Rezension zu Eichmann war von empörender Dummheit von Ursula Ludz
Rezension zu "Eichmann war von empörender Dummheit" von Hannah Arendt
von cosima73
Rezension
cosima73vor 11 Jahren
Hannah Arendt beschreibt Eichmanns Dummheit, die weder grausam noch dämonisch war, sondern einfach die Gedankenlosigkeit eines Funktionärs innerhalb eines bürokratischen Systems ausdrückt, und bezeichnete sie in ihrem Buch "Eichmann in Jerusalem" als „Banalität des Bösen“. Mit diesem Begriff (unter anderem) löste sie eine der grössten Kontroversen des letzten Jahrhunderts aus. Das vorliegende Buch enthält ein Gespräch mit Joachim Fest, welcher zur selben Zeit wie Hannah Arendt Eichmann in Jerusalem sein Werk Das Gesicht des Dritten Reiches veröffentlicht hatte, welches zu einem ähnlichen Schluss kam wie Arendt. Das Gespräch behandelt Themen wie die Definition eines neuen Verbrechertypus, welcher eben keine kriminelle Energie hat, sondern aus (oft blindem ) Gehorsam handelt, es handelt von der Frage nach Verantwortung und Schuld in einem totalitären System, von Gerechtigkeit nach einem historischen Unrecht solchen Ausmasses, sowie von gut und böse als moralischen Urteilen. Neben dem Gespräch findet man den das Gespräch vorbereitenden Briefaustausch zwischen Arendt und Fest sowie sporadische spätere Briefe, welche eher auf eine intellektuelle Verbindung denn auf eine Freundschaft hinweisen, allerdings von gegenseitigem Respekt zeugen.

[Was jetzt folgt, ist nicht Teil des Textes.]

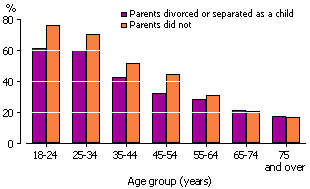 People who completed year 12 by people whose parents divorced as a child and for people whose parents did not divorce as a child (including permanently seperated) by age group in 2006-07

Anschliessend folgen vier Dokumente aus der Kontroverse um Hannah Arendt und Eichmann in Jerusalem, welche während des Austauschs zwischen Arendt und Fest erwähnt worden sind. Die Stellungnahme des Council of Jews from Germany tut sein Unverständnis kund über die „unverantwortbaren Schlussfolgerungen“, die Hannah Arendt aus „unfundiertenn Feststellungen“ zog, Golo Manns sarkastischer Text voller plakativer Herabwürdigungen gibt ihr immerhin in Bezug auf das Portrait Eichmanns recht und Mary McCarthy verteidigt das Buch so sachlich, wenn auch offensichtlich wohlgesonnen. Den Abschluss macht Reinhard Baumgard mit einem Nachwort zu Hannah Arendts Eichmann-Buch: Mit Mördern leben? Die Zusammenführung der Texte ist aufschlussreich und sinnvoll, die Einleitung zeigt durch Vorwegnahme und Zusammenfassung einiger zentraler Argumente die Grundaussagen des Austauschs und hilft damit beim Verständnis des Kommenden. Die abschliessenden Dokumente aus der Kontroverse verdeutlichen die Unsachlichkeit der Angriffe gegen Hannah Arendt und ihr Buch. Fazit: Die spannende Analyse eines Jahrhundertverbrechers und des Systems, das ihn zustande brachte. Sehr empfehlenswert.